At step 407, a second separability value is determined for the second dataset. The second separability value is determined by processing the clustering model with the Kink Point. For example, if the Kink Point for the first dataset is determined as 5, a clustering model with 5 clusters is applied to the second dataset. An evaluation value (e.g., a silhouette coefficient value) is determined for the second dataset. The evaluation value is determined as the second separability value.

At step 408, a difference between the first and the second separability values is determined. At step 410, the difference is compared with a predetermined threshold value. If the difference is larger than or equal to the threshold value, that means the first dataset and the second dataset are significantly different. In this case, at step 412, the data items from the first dataset are removed to empty the first storage. At step 414, the first dataset is updated by transferring the data items from the second dataset to the first dataset. The updated first dataset can be used to retrain a previously trained supervised learning process 200 or unsupervised learning process 300.

If the difference is smaller than the threshold value, that means the first dataset and the second dataset are not significantly different. In this case, at step 413, the data items remain in the first dataset. At step 415, after a period of time, the second dataset is updated to empty the current data items and repeats from the step 402 to store a new set of streaming data.

Referring now to FIG. 5, illustrated is a block diagram of a computer operable to execute the disclosed aspects. In order to provide additional context for various aspects, FIG. 5 and the following discussion are intended to provide a brief, general description of a suitable computing environment 1800 in which the various aspects of the embodiment(s) can be implemented. While the description above is in the general context of computer-executable instructions that may run on one or more computers, those skilled in the art will recognize that the various embodiments can be implemented in combination with other program modules and/or as a combination of hardware and software.

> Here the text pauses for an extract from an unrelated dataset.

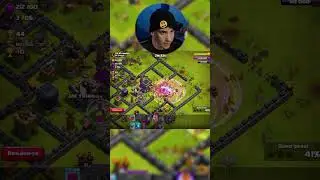 ENCONTREI ESSA VILA NO PUSH CV8! CLASH OF CLANS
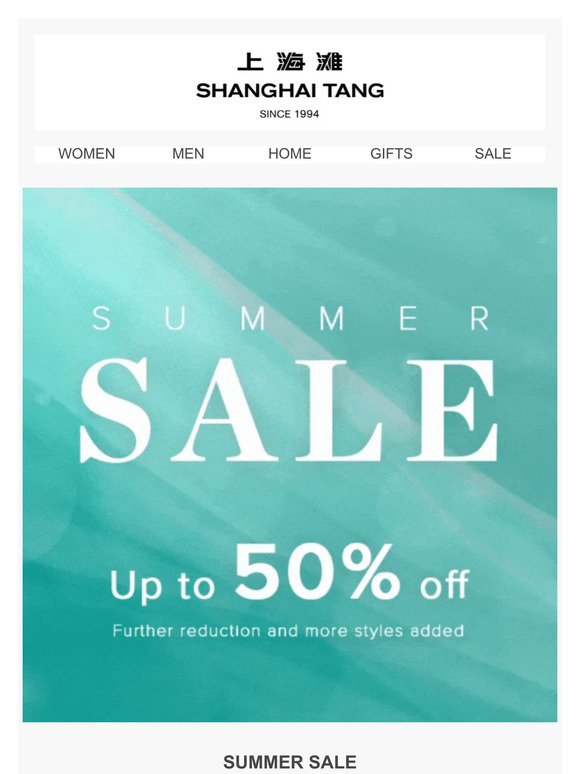 Now on: Summer SALE keeps growing!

Generally, program modules include routines, programs, components, data structures, etc., that perform particular tasks or implement particular abstract data types. Moreover, those skilled in the art will appreciate that the disclosed aspects can be practiced with other computer system configurations, including single-processor or multiprocessor computer systems, single-board computers, minicomputers, mainframe computers, as well as personal computers, hand-held computing devices, microprocessor-based or programmable consumer electronics, micro-controllers, embedded controllers, multi-core processors, and the like, each of which can be operatively coupled to one or more associated devices.

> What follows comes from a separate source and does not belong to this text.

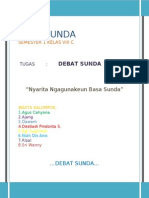 Contoh Debat Sunda SMPN 3 Rancaekek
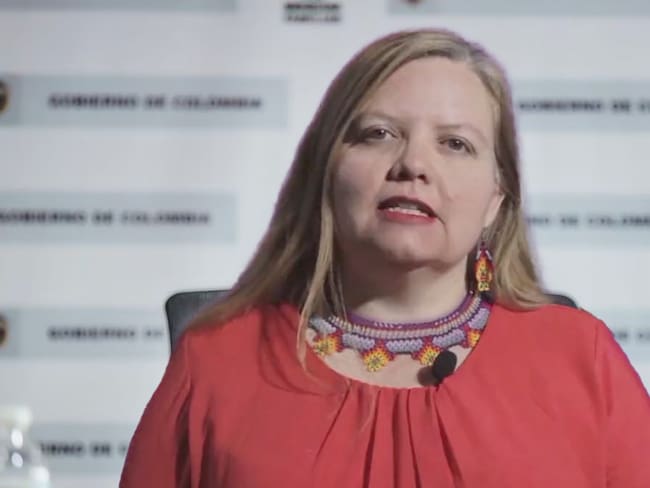 Astrid Cáceres, nueva directora del Instituto Colombiano de Bienestar Familiar / Cortesía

The illustrated aspects of the various embodiments may also be practiced in distributed computing environments where certain tasks are performed by remote processing devices that are linked through a communications network. In a distributed computing environment, program modules can be located in both local and remote memory storage devices. A computing platform can host or permit processing of all or many distinct logical agents. Alternatively, each agent may operate in a separate, networked processor that is centrally located or possibly located, or integrated with, the process or process equipment that it manages (e.g., a single-board computer running an oven agent may be embedded in an oven controller). Various degrees of centralized processing and distributed processing may be implemented.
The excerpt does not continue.